The Thinking Process: A Study in Patience
The assistant's reasoning, while not explicitly shown in thinking tags, is evident from the action. The assistant is practicing asynchronous monitoring: launching a long-running process and periodically checking its status rather than blocking on it. This is a deliberate strategy choice.
The assistant could have waited for the entire build to complete before taking any action. But that would risk wasting time if the build failed early. Instead, the assistant chose to check progress after what it judged to be a reasonable interval — long enough for the build to reach a meaningful compilation stage, but short enough to catch failures early.
The choice of tail -50 rather than tail -100 or cat the entire log is also significant. The assistant wants the end of the output — the most recent activity. The beginning of the build log (package installation, toolchain setup) is less interesting than the current compilation status. This is a pragmatic choice that minimizes noise while maximizing signal.
Broader Implications
This message, for all its brevity, illuminates a fundamental challenge in AI-assisted software engineering: the management of long-running processes. Unlike a human engineer who might keep a terminal window open and glance at it periodically, the assistant must explicitly request status updates. This creates a coordination problem: how often should the assistant check? What constitutes "enough" progress? How does it distinguish between "still compiling" and "hung"?

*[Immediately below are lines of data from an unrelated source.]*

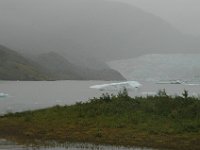 2010078054 Northwest Canada & Alaska Vacation -  Jul 23 - Aug 13 : Alaska, Juneau, Mendenhall Glacier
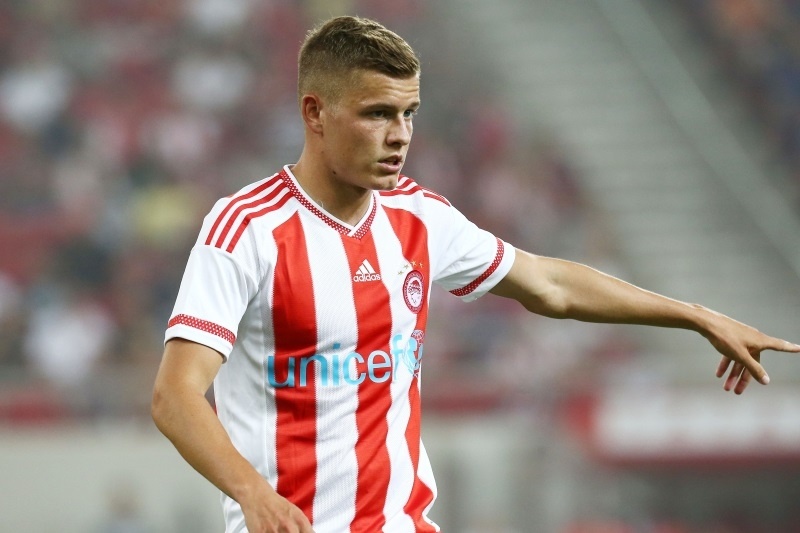 Φινμπόγκασον: «Μπορούμε να τους νικήσουμε όλους»!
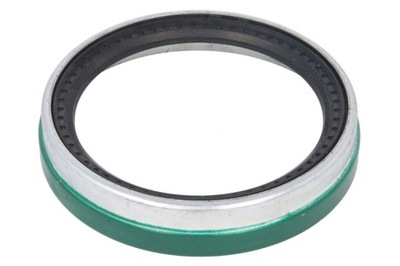 Сальник 117x152x27 ступица фото №1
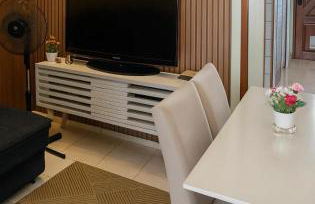 Centro de Niteroi - Foto 2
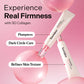 Torriden CELLMAZING Collagen Firming Eye Cream 30ml (1.01 fl.oz)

The assistant's approach — checking after a reasonable interval, reading the tail of the output, and interpreting the crate names to determine build stage — mirrors what an experienced engineer would do. It's a pattern that appears repeatedly in the session: launch a build, check progress, diagnose issues, fix them, and relaunch. Each cycle builds a deeper understanding of the build system's quirks and failure modes.
Conclusion
Message <msg id=578> is a small but revealing moment in a larger engineering narrative. It captures the assistant's disciplined approach to monitoring complex builds, the domain knowledge required to interpret compilation output, and the assumptions that underpin every status check in a heterogeneous software stack. The Rust crate list scrolling past is not just noise — it's a progress report on one of the most critical phases in containerizing a GPU-accelerated proving system for Filecoin mainnet. In watching the wheels turn, the assistant demonstrates that even the simplest actions carry the weight of deep context and careful judgment.